Each box contains everything you need to complete that month’s project, which at a minimum includes a (clone) Arduino, breadboard, and an instruction manual, along with the various components needed for that lesson.
The manual itself is nicely produced, with diagrams showing how to assemble the components, the code for the Arduino (including a secret link to download the code), a troubleshooting section, additional exercises to complete (along with another secret link to the answers), and a sneak peek at the next box’s project.
My only complaint about the manual is the presentation of the code for the Arduino. It doesn’t use a monospace font, nor feature any indentation, and while it is commented throughout (which helps explain what it’s doing), the comments are under the code they describe (rather than above, which tends to be the standard for such things). This may be nitpicking, but these are simple things to fix and would go a long way towards setting best practice expectations.
The first project was simple enough to assemble. It features a colour changing Chinese lantern controlled by three LEDs. The LEDs, one each of red, green and blue, step in turn through different levels of brightness, allowing for the mixing of the colours to light up the lantern.
It also has a light sensor which is meant switch the lantern off during the day, but in my case, it didn’t. This is probably something to do with the threshold defined in the script, which I’ve been far too lazy to toy about with.
Now, having got the first two boxes (although I’ve not assembled the second one yet [yes I have, see update below – Dan]), I think I’m going to wait for the third one (seeing as I’ve already paid for it) then cancel my subscription [maybe, see below – Dan]. This isn’t a bad service by any means, but it also isn’t aimed at me: someone that’s much closer to 40 years of age than 10.
When my niece is a bit older, I can very much see myself gifting a subscription to her, and would very much enjoy helping her assemble each project, but she’s a few years off that just now, and I can think of cheaper ways of getting spare Arduinos.
Hopefully, AdaBox (or something like it) will cross the pond in the near future, and I’ll have something else to spend my disposable income on, until then, I’ll stick to preparing for the zombie apocalypse.

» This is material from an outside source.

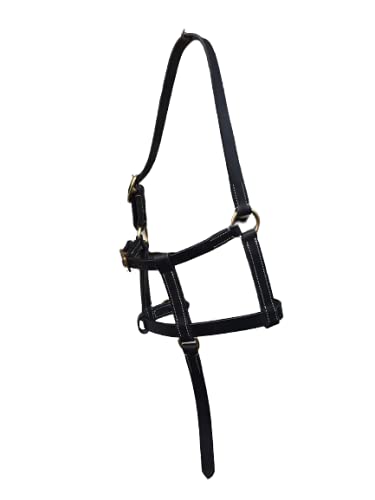 Cwell Equine FOAL LEATHER HEAD COLLAR HALTER BLACK - PawsPlanet Australia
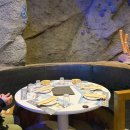 공룡할인마트 | 수원 롯데타임빌라스 맛집 트라이아스 공룡레스토랑 아이랑 방문 후기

Update: 5th October: Since I first published this post I’ve had a chance to build the second kit, a memory game which plays like Simon.

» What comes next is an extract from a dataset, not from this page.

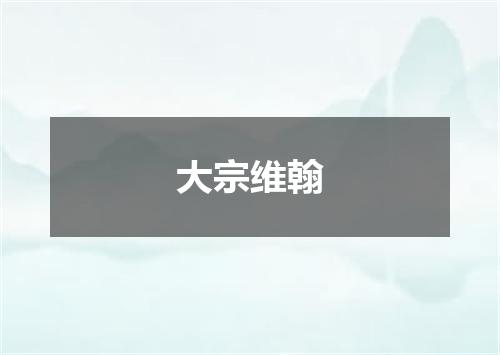 大宗维翰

Unlike with the first kit, I really couldn’t be bothered to type out all the code manually, so after I’d assembled the components, I downloaded the code from their secret URL (which I was disappointed to see also didn’t feature code indentation) and flashed it onto the Arduino.
It was fun to play for a couple of minutes, but as I’m quick to bore I soon put it to one side. I have no intention of playing it again, but I’ve also not disassembled it yet, nor have I disassembled the first one. Maybe my interest is a bit more piqued than I figured.
In any case, the last page of the instruction manual always features a sneak peek of what’s coming in the next box, along with the challenge of guessing what it does. This time, it shows a photo of a breadboard with a HC-SR04 Ultrasonic Range Sensor. I’ve not used one of these before, but I’ve often seen them used as eyes on robots, so I’m interested to see what the project is going to do with it.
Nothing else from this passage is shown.